No. It **silently fails**, because we have a file somewhere...

In [None]:
os.listdir('tmp2')

**Conclusion: the standard library is not always the best solution, look for alternatives**

In our case, the `shutil` module does it right:

In [None]:
import shutil
shutil.rmtree('tmp2', ignore_errors=True)

### recursively walk a tree

In [None]:
os.makedirs('walk/down/the/tree')

In [None]:
!touch walk/walk01
!touch walk/walk02
!touch walk/down/down01
!touch walk/down/down02
!touch walk/down/the/tree/tree01
!touch walk/down/the/tree/tree02

In [None]:
for dp, dn, filenames in os.walk('walk'):
    for filename in filenames:
        print(os.path.join(dp, filename))

This is doable, but a bit cumbersome, since we have to join the directory path `dp` again with the `os.path.join` command.

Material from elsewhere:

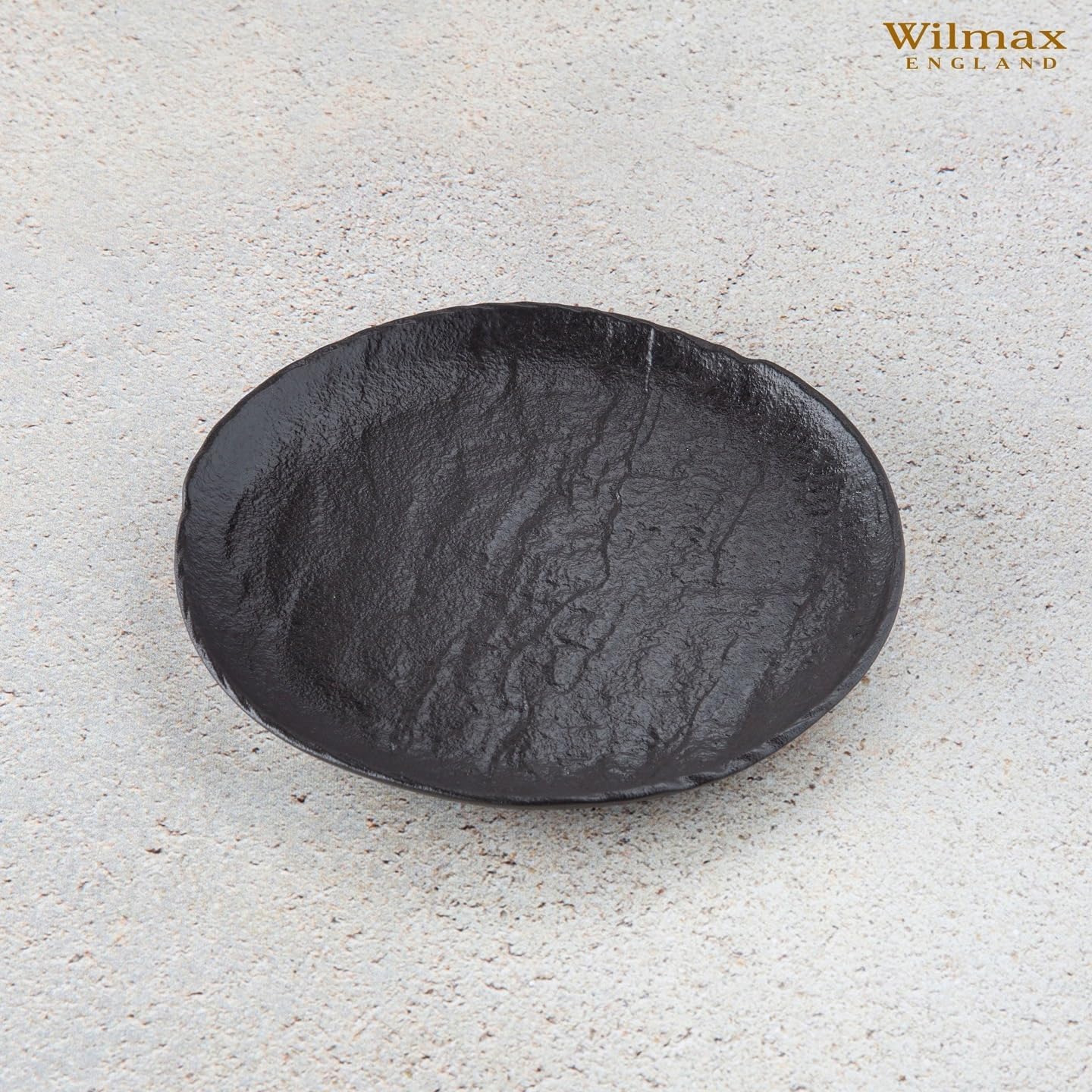 Wilmax Runder Teller 15,5 cm 6er-Set Schwarz aus Porzellan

**Alternative: use the `pathlib` module**

The `pathlib` module, which we are going to discuss next, offers a nice alternative to the `os.walk` method. The `rglob()` method takes a string `'*'` which is our filter:

In [None]:
import pathlib

for file in pathlib.Path("walk").rglob('*'):
    if file.is_file():
        print(file)

In [None]:
for file in pathlib.Path("walk").rglob('*01'):
    if file.is_file():
        print(file)

In [None]:
shutil.rmtree("walk")